A reason why experiences have become so important to businesses is that they are profitable. Compared with commodities, goods and services, the consumer price index shows that people are paying increasingly more for experience.
How did we get here?
Pine and Gilmore (The experience economy) argue that experiences are an economic force just like services and goods which can be intentionally produced or designed, consumed and measured. As competition in various industries increases, companies are seeking higher profit margins by turning their services and goods into experiences, which adds value and gives higher profits.
The experience economy is a new stage of economic offering. Economic development can be divided into several stages. An agricultural economy is based on commodities. People buy raw materials like wheat to bake their own bread, or wool to make their own clothes. With the industrial revolution people moved from countryside to cities to work in fabrics. There wasn’t time to make your own goods which now where produced for you. The era of mass manufactured goods had arrived. Further economic prosperity has increased automation and wages and decreased working hours. The available free time now is used to spend the available money in services: restaurants now cook your food, serve your meal and clean the dishes. Services are customized goods and have become so rooted in economy that services are becoming commodities, just as goods did. In order to differentiate, companies are moving from services into experiences.

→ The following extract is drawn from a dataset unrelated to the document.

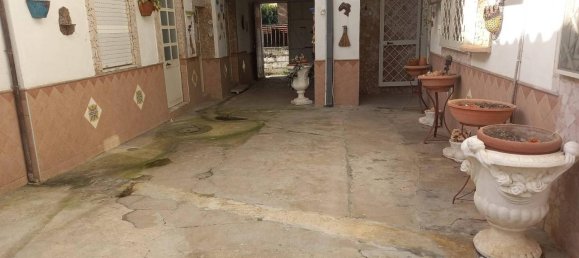 18 rooms House in Caserta, Italy No. 32682 7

Below is a TED talk by Joseph Pine where he talks about experience economy.
What do we mean by experience?
Experiences must provide a memorable offering that last for a long time (Pine and Gilmore). In order to achieve this, the company has to appeal to the customers’ sensations and emotions. Emotional engagement doesn’t happen overnight; like in all relations it is a result of bonding and trust. The result is the customers’ quest for authenticity as a way to verify if the product or service is worthy of their trust.
In the shift to an experience economy companies must orchestrate memorable events for their customers and that memory itself becomes the product. Customers are more and more willing to pay greater amounts for the experience and often prefer a product or service because of the better experience they receive from it. The added value drives sales and allows companies to differentiate themselves in a highly competitive market.